The official name of the Netherlands is the Kingdom of the Netherlands. It is often referred to as Holland due to its two largest provinces being named North Holland and South Holland. Even the countries official website is Holland.com. Referring to the Netherlands as Holland is similar to referring to France as Paris.
In the late 18th century, the French conquered the area we now know as the Netherlands and called it Batavia. There was an area inside Batavia called Holland that was the center of the region’s economy and wealth, and people began referring to the entire country as Holland, not just the Holland area.
Now let’s discuss why people that live in the Netherlands are referred to as being Dutch. In Old English, the word “dutch” loosely translates to “people or country.” This is the same reason why Germany is called Deutschland in German.

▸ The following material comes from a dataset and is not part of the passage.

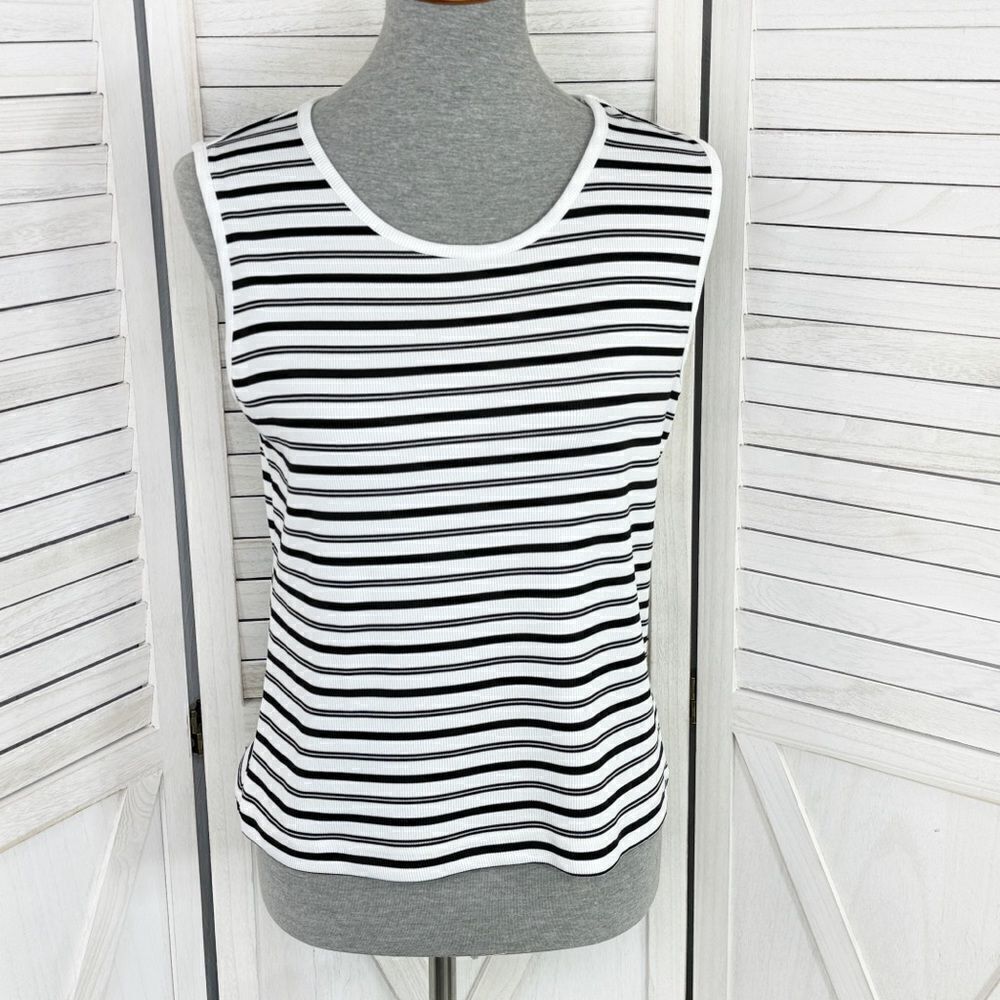 Covington Striped Ribbed Knit Tank Top White Black Medium Petite Stretchy‎
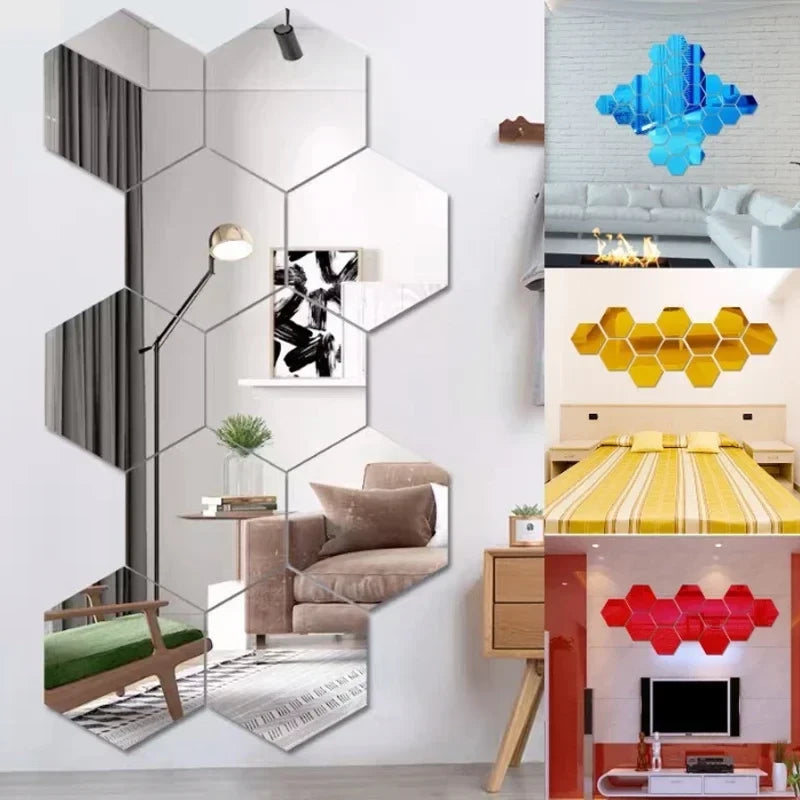 Hexagon Acrylic Mirror Wall Decals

Hundreds of years ago, English-speaking people used the word “Dutch” to describe people from the modern day Germany and Netherlands areas. The phrase “High Dutch” was used to refer to people living in the mountainous German areas and “Low Dutch” to refer to people living in the Netherlands flatland areas. More specifically, “Netherlands” was used to describe people from the low-lying (nether) region (land).
- The Dutch eat more licorice than any other country in the world.
- Amsterdam is entirely built on wooden poles nearly 30 feet deep.
- 75% of the world’s flower bulbs originate in the Netherlands.
- The microscope was invented in the Netherlands.